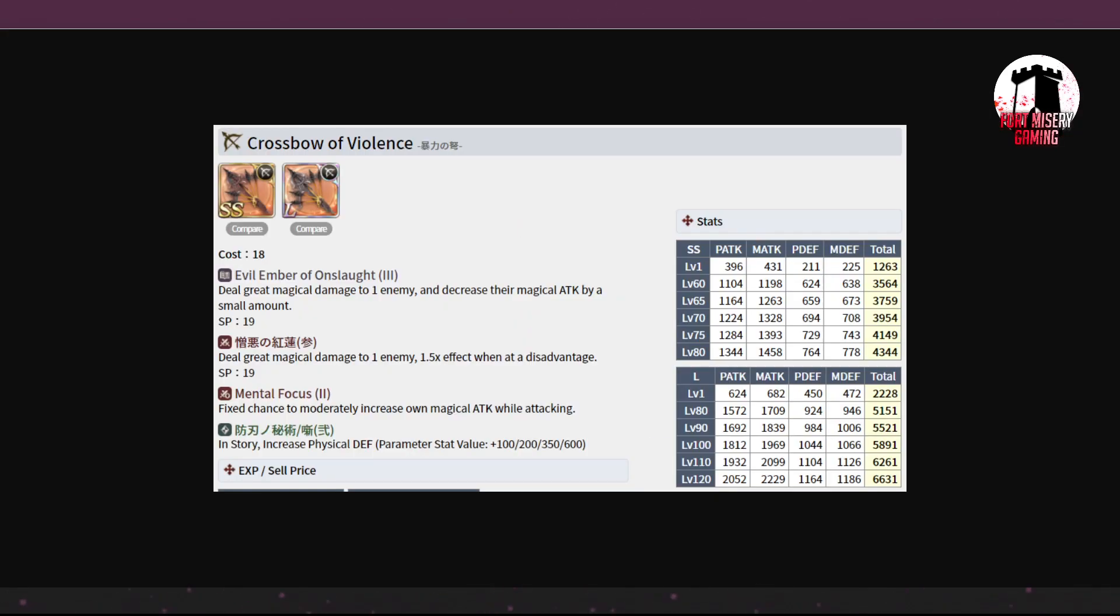The Crossbow of Violence. Tier 3, 1 attack, decrease their magic attack by a small amount. It's whatever. Mental Focus 2 is okay. It's 5,100 stats. So kind of slightly below the curve, but a little above what we normally get out of class weapons, so I'm kind of actually okay with that.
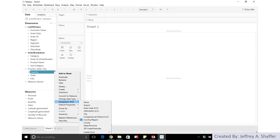Tableau supports different types of geographic roles like airport, area code, MSA, CBSA, cities — which are supported for many countries — as well as country and region, county, state, and also zip code. You can also define your own geocoding schema, uploading your own geocode from a map and defining your own geocoding rules.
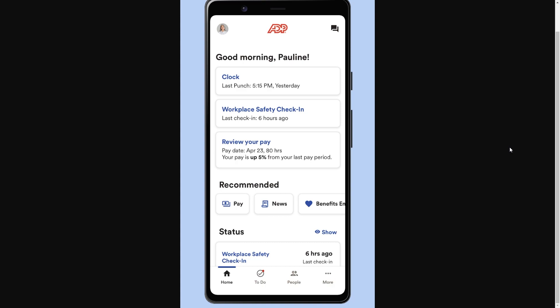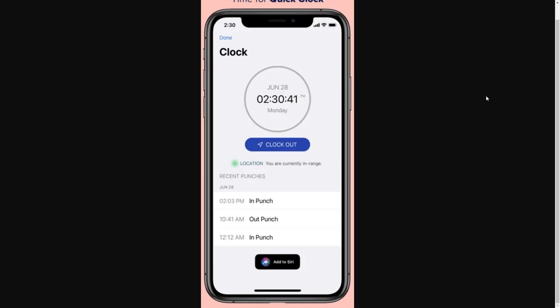From here, in order to clock in and out, we're going to have to go to the top option which should be 'Clock,' and when we click on that we get taken to a page that looks something like this.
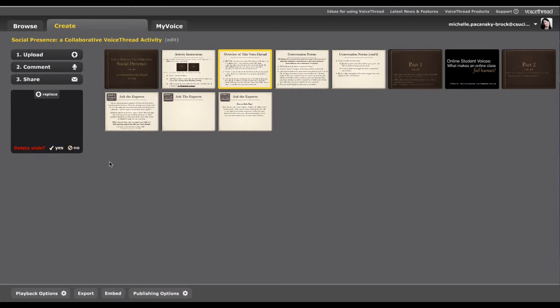So it's pretty hard to delete a slide. So if that happens to you, what you'll want to do is just select No, and you're fine again.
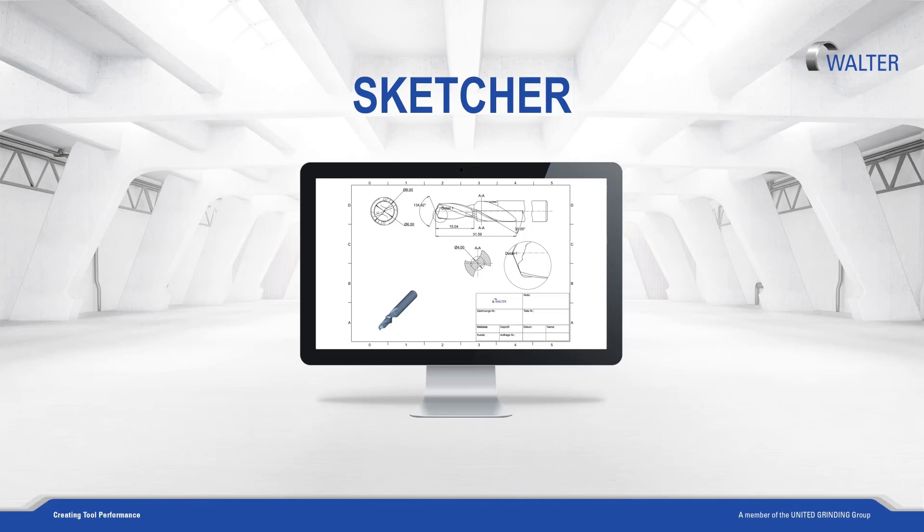In this tutorial I would like to explain how you can use our ToolStudio Plug-in Sketcher. With Sketcher you can create quick and simple CAD drawings directly out of a predefined identity number.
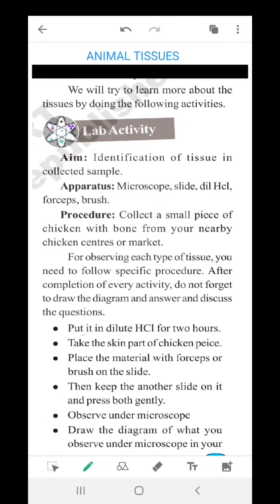Before learning about different types of animal tissues, let us first learn the activities given in our textbook. The first lab activity is the identification of tissue in the collected sample.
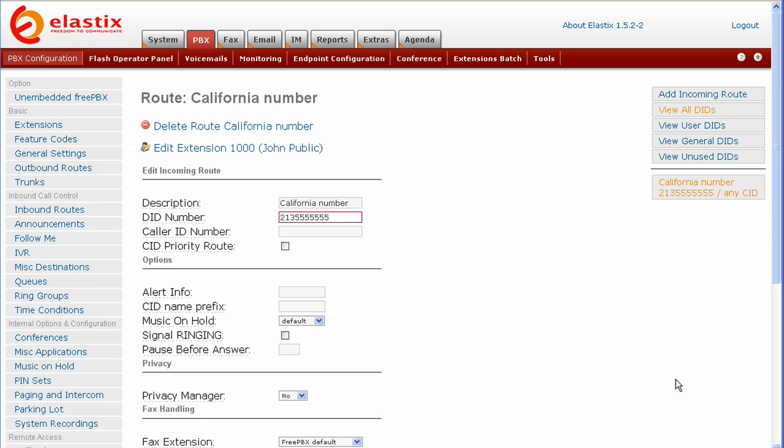You're going to want to go and check with your DID provider and confirm that the information that you put in the trunk section is correct. That's it. You've now created an incoming DID number in Elastics. You can now log out.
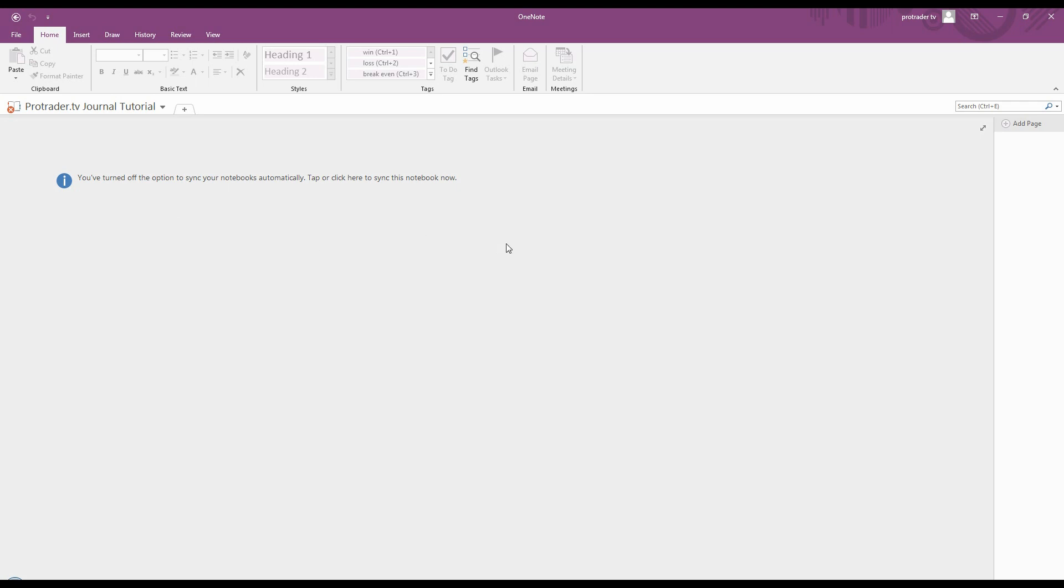This is a tutorial about how to use Microsoft OneNote to make a trading journal. There are other programs you can do it with like Evernote, but OneNote comes with Microsoft Office, so if you have Office you have OneNote and it's free.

☆ ☆ ☆ ☆ ☆

• [Assigned task] Give the complete material again, exactly as written. Do not include the pictures.

• [Written answer]
The Crossbow of Violence. Tier 3, 1 attack, decrease their magic attack by a small amount. It's whatever. Mental Focus 2 is okay. It's 5,100 stats. So kind of slightly below the curve, but a little above what we normally get out of class weapons, so I'm kind of actually okay with that.
Tableau supports different types of geographic roles like airport, area code, MSA, CBSA, cities — which are supported for many countries — as well as country and region, county, state, and also zip code. You can also define your own geocoding schema, uploading your own geocode from a map and defining your own geocoding rules.
From here, in order to clock in and out, we're going to have to go to the top option which should be 'Clock,' and when we click on that we get taken to a page that looks something like this.
So it's pretty hard to delete a slide. So if that happens to you, what you'll want to do is just select No, and you're fine again.
In this tutorial I would like to explain how you can use our ToolStudio Plug-in Sketcher. With Sketcher you can create quick and simple CAD drawings directly out of a predefined identity number.
Before learning about different types of animal tissues, let us first learn the activities given in our textbook. The first lab activity is the identification of tissue in the collected sample.
You're going to want to go and check with your DID provider and confirm that the information that you put in the trunk section is correct. That's it. You've now created an incoming DID number in Elastics. You can now log out.
This is a tutorial about how to use Microsoft OneNote to make a trading journal. There are other programs you can do it with like Evernote, but OneNote comes with Microsoft Office, so if you have Office you have OneNote and it's free.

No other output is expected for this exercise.